Exercise brief → Leave every picture out and print exactly the lines that run from the one containing "Hello and welcome" to the end of the listing.

Dataset excerpts →
= Beginning of Section =

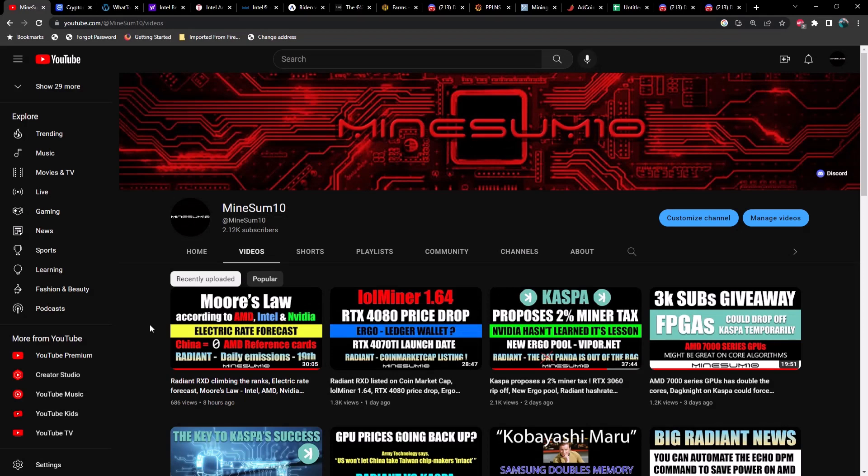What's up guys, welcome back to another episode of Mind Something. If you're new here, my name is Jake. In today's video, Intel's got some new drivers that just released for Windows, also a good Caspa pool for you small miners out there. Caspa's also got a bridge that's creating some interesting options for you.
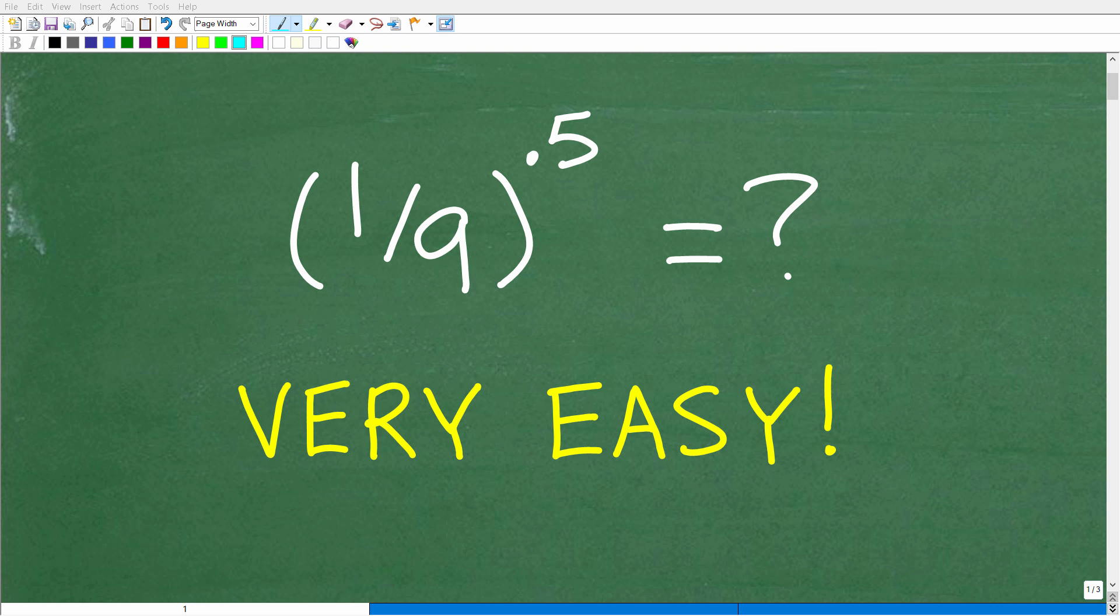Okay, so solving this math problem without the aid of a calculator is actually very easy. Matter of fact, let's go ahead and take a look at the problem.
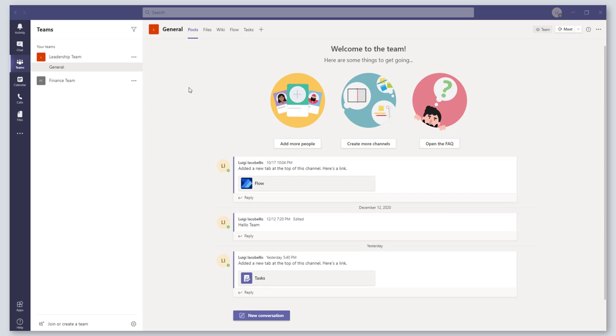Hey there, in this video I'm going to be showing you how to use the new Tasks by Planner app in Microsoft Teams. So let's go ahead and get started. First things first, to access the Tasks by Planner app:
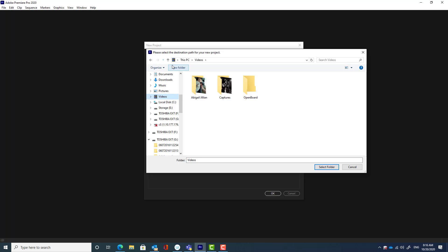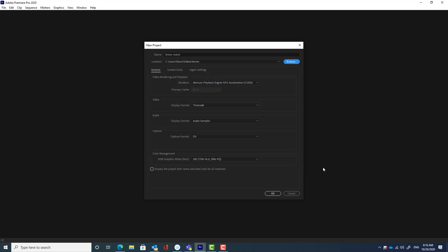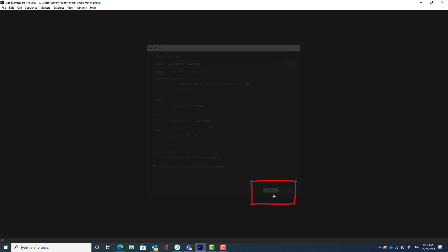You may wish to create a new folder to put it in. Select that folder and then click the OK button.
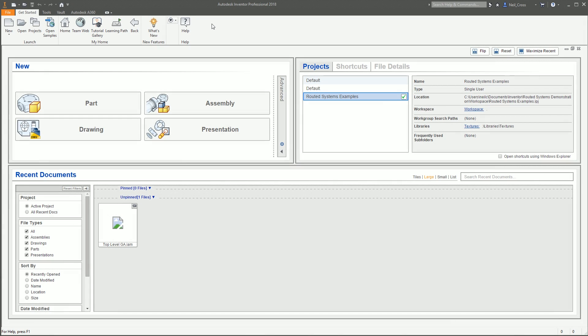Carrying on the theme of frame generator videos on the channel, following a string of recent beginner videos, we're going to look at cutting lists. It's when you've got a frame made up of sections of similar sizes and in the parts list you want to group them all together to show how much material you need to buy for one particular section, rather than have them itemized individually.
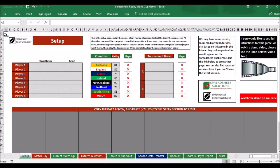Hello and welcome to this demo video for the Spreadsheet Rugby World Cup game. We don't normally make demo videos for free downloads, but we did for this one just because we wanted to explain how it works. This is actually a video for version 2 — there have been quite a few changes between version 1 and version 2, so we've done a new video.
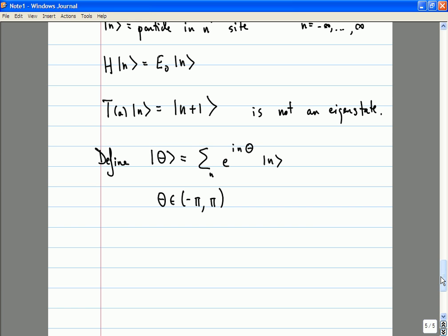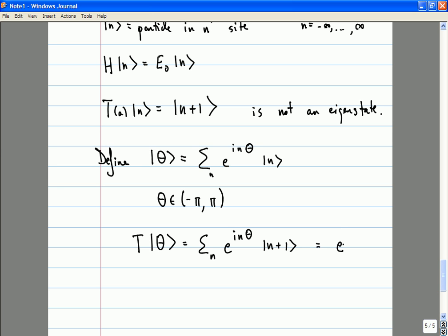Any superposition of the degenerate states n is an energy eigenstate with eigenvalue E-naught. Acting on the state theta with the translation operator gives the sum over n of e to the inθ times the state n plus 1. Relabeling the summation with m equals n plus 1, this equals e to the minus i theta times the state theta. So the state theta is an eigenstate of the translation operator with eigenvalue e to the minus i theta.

= End of Section =

Exercise answer →
Hello and welcome to this demo video for the Spreadsheet Rugby World Cup game. We don't normally make demo videos for free downloads, but we did for this one just because we wanted to explain how it works. This is actually a video for version 2 — there have been quite a few changes between version 1 and version 2, so we've done a new video.
Any superposition of the degenerate states n is an energy eigenstate with eigenvalue E-naught. Acting on the state theta with the translation operator gives the sum over n of e to the inθ times the state n plus 1. Relabeling the summation with m equals n plus 1, this equals e to the minus i theta times the state theta. So the state theta is an eigenstate of the translation operator with eigenvalue e to the minus i theta.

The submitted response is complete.